### TASK TO CARRY OUT
Word for word, restate the records from their first line through the line with "VITA KIN Charlotte", both ends included; omit each picture.

Data excerpts
-------

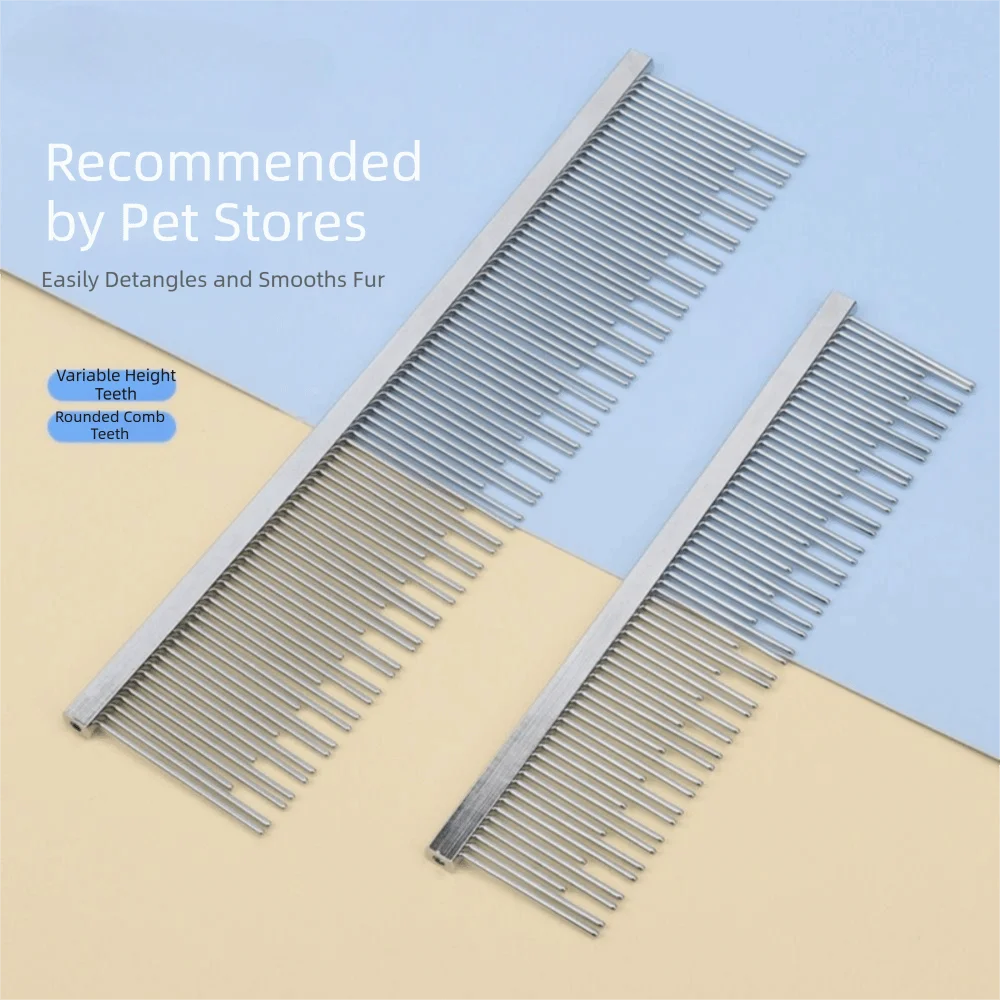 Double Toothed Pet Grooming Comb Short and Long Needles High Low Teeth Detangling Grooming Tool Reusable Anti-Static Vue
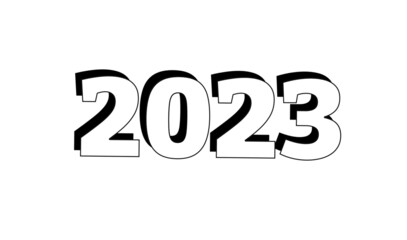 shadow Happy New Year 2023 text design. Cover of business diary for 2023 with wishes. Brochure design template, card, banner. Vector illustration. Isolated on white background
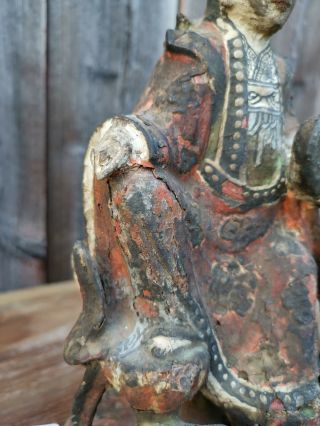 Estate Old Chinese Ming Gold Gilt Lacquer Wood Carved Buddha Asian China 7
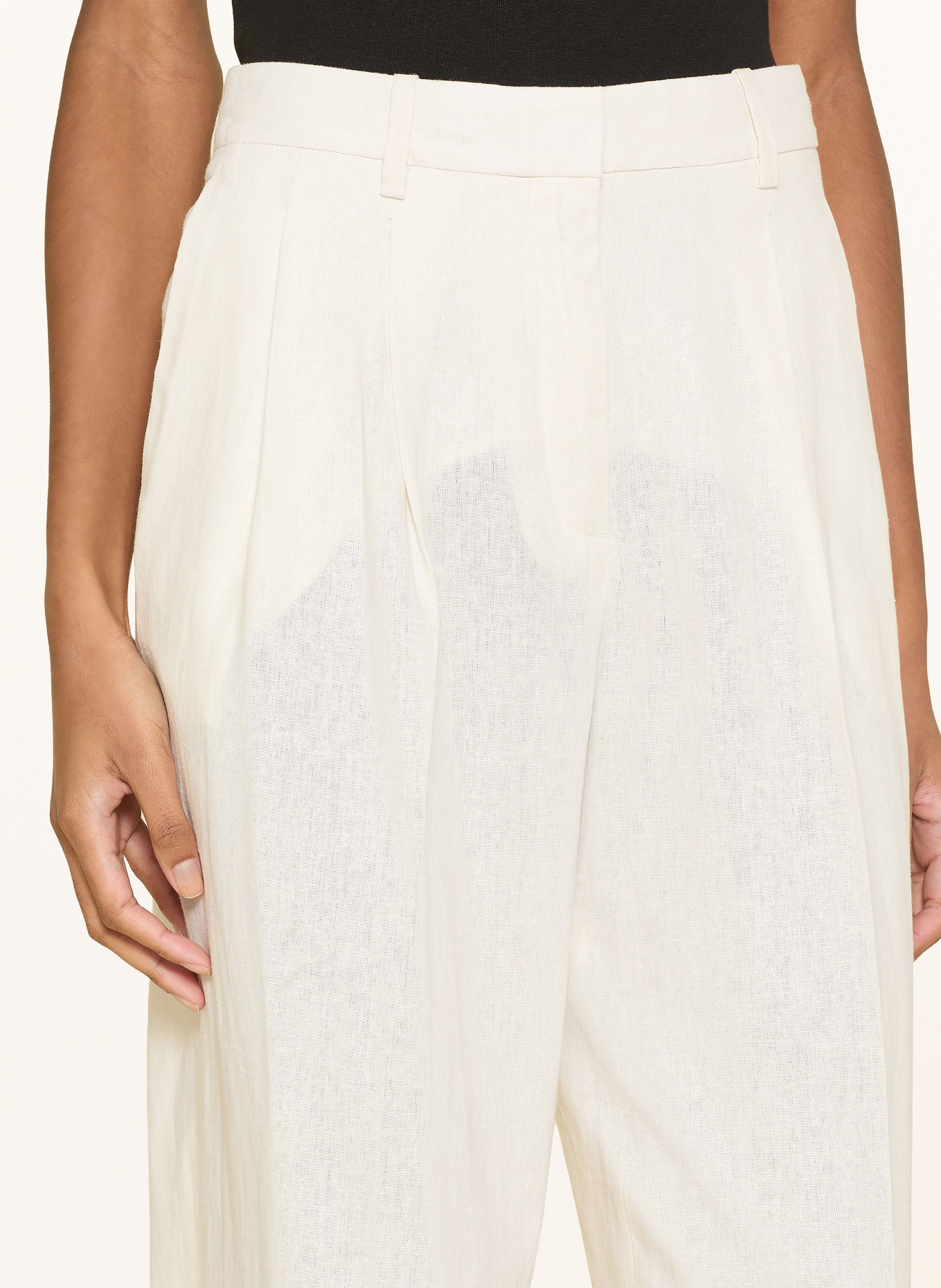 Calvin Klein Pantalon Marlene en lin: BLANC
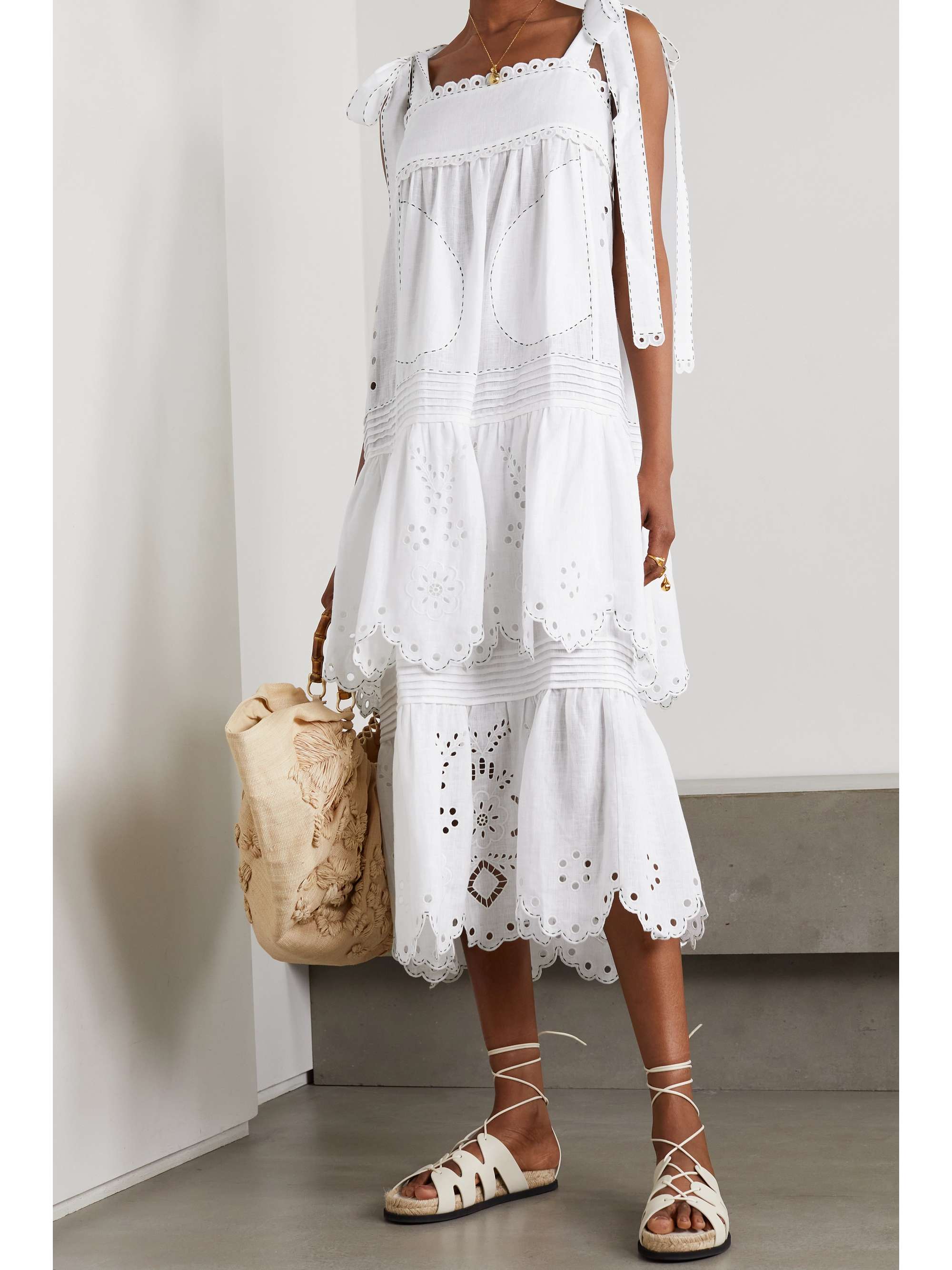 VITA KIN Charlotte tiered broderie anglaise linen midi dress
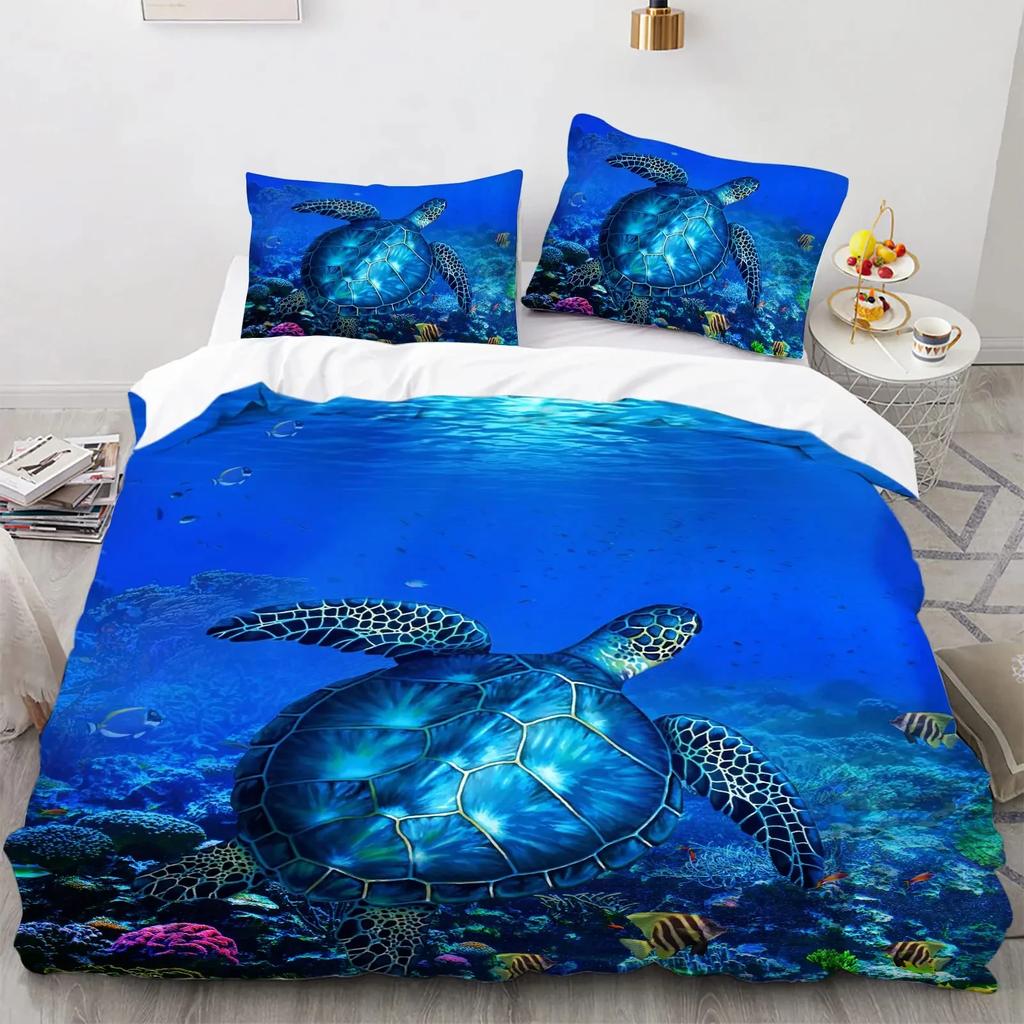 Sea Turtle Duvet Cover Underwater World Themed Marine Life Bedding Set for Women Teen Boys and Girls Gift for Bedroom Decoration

-------

### YOUR SOLUTION
 Double Toothed Pet Grooming Comb Short and Long Needles High Low Teeth Detangling Grooming Tool Reusable Anti-Static Vue
 shadow Happy New Year 2023 text design. Cover of business diary for 2023 with wishes. Brochure design template, card, banner. Vector illustration. Isolated on white background
 Estate Old Chinese Ming Gold Gilt Lacquer Wood Carved Buddha Asian China 7
 Calvin Klein Pantalon Marlene en lin: BLANC
 VITA KIN Charlotte tiered broderie anglaise linen midi dress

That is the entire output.